Впрочем, и здесь также возможны проявления как недостаточности, так и излишества: недостаточность состоит в интонационном однообразии (как правило, оно есть следствие семейношкольной недоученности и риторической недовоспитанности); излишество же состоит в том, что мелодические ходы бывают преувеличенными и перерастают у иных людей в визгливость, нарочитую мелодическую манерность. Как правило, эти недостатки ликвидируются в риторическом обучении, но если недоученность побеждается учебой, то излишества (манерность и т.д.) почти непобедимы, потому что являются следствием сформированных навыков или испорченности вкуса, которые являются убеждением данного человека.
5. Логическое ударение есть следствие правильной смысловой акцентировки, которая в спонтанном потоке речи происходит почти автоматически. Однако именно риторическая обученность позволяет сознательно соотнестись с правилами и возможностями логической акцентуации, которая расширяет интеллектуальные возможности личности ритора. Логическое ударение как центр акцентуации, силового ударения в синтагме показывает, насколько ритор грамотно доносит до слушателя смысл своей речи.
6. Тембром называется особая голосовая окраска, имеющаяся в каждом достаточно развитом голосе. Обратим внимание на то, что детские голоса не обладают тембральным своеобразием (их и можно характеризовать как детские тембры), но с возрастом происходит формирование индивидуальных тембральных характеристик голоса.

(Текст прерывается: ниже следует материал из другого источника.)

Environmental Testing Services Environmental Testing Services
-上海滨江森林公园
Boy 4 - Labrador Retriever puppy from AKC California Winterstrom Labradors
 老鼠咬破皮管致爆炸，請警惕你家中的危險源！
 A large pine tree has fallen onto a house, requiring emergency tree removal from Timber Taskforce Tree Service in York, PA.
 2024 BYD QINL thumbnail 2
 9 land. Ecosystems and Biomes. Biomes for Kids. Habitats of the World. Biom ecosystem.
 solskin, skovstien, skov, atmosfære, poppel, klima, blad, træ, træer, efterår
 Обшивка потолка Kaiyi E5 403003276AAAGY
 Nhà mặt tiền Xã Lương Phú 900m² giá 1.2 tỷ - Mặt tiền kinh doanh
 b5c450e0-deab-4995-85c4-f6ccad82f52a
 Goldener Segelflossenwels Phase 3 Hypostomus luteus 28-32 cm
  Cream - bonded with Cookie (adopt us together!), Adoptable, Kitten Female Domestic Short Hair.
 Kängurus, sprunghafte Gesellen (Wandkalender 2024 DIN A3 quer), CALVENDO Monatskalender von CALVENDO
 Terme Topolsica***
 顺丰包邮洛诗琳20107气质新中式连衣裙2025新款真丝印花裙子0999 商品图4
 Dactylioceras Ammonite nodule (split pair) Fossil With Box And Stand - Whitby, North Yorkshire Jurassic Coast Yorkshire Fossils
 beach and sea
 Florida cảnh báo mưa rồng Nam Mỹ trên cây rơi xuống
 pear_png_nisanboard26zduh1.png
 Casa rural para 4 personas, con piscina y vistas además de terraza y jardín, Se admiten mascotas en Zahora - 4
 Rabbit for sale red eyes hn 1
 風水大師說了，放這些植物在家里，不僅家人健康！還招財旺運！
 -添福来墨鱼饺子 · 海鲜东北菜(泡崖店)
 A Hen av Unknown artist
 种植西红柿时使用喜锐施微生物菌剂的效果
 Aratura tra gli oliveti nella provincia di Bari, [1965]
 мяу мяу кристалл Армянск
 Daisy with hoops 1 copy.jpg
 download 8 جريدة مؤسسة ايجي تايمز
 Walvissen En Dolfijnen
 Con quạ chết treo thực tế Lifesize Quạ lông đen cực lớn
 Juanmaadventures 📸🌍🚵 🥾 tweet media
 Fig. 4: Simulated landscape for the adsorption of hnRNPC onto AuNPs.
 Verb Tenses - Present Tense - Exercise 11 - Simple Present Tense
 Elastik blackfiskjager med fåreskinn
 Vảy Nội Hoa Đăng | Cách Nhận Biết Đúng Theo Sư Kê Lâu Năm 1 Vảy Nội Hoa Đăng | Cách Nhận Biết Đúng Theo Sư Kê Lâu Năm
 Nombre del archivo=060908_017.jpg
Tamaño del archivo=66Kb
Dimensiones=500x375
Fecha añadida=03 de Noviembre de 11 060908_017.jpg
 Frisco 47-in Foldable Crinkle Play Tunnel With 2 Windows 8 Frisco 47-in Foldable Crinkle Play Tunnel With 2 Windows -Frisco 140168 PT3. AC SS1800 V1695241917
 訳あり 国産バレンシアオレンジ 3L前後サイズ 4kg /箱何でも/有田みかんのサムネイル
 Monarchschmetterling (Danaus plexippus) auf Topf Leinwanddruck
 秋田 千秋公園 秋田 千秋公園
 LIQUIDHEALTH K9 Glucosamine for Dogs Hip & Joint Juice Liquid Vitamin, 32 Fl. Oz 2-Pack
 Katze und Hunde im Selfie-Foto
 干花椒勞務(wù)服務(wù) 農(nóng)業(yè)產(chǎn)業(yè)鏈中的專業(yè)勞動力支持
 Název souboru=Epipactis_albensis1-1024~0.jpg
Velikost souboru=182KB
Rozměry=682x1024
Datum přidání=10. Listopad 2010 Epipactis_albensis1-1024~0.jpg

Определить, каковы тембральные характеристики каждого своеобразного голоса, непросто, свидетельством чему являются эпитеты и метафоры, которыми описывается тембральное звучание. Так, говорят о голосе бархатном, звенящем, мягком / твердом., журчащем, нежном — ср. характеристики голоса, которые приводит Т.В. Матвеева, предварительно оговорив, что тембр «с трудом поддается классификациям: бархатный, грустный, детский, жесткий, звонкий, крикливый, медный, мрачный, нежный, полный, пустой, светлый, серебряный, тусклый, тяжелый, холодный, шутливый, ясный и др.». Многие из приводимых характеристик в художественной литературе, на которую ссылается Т.В. Матвеева, относятся к общей характеристике голоса [Матвеева, 2003:358], а многие имеют традицию описания в русской филологической классике, где говорится о «светлословии, ясногласии, красногласовании, сладкогласии, козлогласии» и т.д. Яркие отрицательные характеристики голоса содержатся уже в «Риторике» Михаила Усачева 1699 г.: «егда имеет кто язык заикливый, сиповатый, борботливый, гугнивый, шепетливый, хроповатый, горкавый и прочее языковредие, ...сей не может быть между речеточцами (ораторами)» [перевод — цит. по: Аннушкин, 2002: 83].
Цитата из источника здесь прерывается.